One of the things that really impressed me about this post was the thoughtful
way Peldi stepped back and realized the vision needed to expand -- as opposed
to trying to keep the old vision when it didn't fit, or drifting into
something new without really thinking about it.

Here's hoping they take their success to the next level!

------
wallflower
I know when I read a Balsamiq post that I'll get inspired and re-motivated for
my own frequent back-burner mini-ISV goals.
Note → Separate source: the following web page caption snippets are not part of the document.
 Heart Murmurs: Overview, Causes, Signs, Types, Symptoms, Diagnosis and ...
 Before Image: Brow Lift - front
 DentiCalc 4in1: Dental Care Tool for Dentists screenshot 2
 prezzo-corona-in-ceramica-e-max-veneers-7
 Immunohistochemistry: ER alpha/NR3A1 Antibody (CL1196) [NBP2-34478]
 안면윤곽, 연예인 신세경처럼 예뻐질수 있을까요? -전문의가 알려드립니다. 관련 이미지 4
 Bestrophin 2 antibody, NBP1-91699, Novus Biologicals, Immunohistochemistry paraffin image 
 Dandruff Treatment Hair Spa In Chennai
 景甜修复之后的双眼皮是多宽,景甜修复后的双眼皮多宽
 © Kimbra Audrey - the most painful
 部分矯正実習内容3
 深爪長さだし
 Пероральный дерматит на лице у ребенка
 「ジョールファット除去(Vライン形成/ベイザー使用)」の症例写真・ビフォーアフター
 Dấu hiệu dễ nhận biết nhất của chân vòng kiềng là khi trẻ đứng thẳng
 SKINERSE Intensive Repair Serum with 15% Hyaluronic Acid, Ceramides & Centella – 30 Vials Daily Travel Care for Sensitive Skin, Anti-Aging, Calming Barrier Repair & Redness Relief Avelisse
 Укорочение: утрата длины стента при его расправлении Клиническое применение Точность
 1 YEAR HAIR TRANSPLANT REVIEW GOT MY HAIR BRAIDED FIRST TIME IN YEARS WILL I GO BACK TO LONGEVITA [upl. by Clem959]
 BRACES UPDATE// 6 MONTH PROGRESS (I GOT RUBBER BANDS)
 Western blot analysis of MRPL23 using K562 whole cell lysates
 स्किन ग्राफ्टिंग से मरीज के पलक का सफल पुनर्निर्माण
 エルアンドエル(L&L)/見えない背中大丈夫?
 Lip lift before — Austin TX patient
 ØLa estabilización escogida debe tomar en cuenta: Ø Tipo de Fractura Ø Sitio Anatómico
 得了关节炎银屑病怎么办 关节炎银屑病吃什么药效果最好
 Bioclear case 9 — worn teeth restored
Peldi - Grazie for the transparency.

No update on the iPad app. However, it appears the company is doing so well (a
very good problem) that the iOS app has fallen on their backlog. At least,
Apple has now officially allowed Adobe's Flash to iOS technology. The last
blog post about the iPad app (June 2010) was "This Fall: shipping the iPad app
(or at least a beta)"

That is one app that I would buy an iPad for.

------
michaelchisari
I was able to snag a copy of Balsamiq for doing Appleseed UI mockups (it's
free to open source projects), and I want to say, that it's been
extraordinarily useful.

So, kudos to them, it's great to see this growth, they have a really fantastic
product.

------
ghurlman
Can't seem to find an RSS feed for the new blog - the "feed list" link at the
bottom of the page leads to 404.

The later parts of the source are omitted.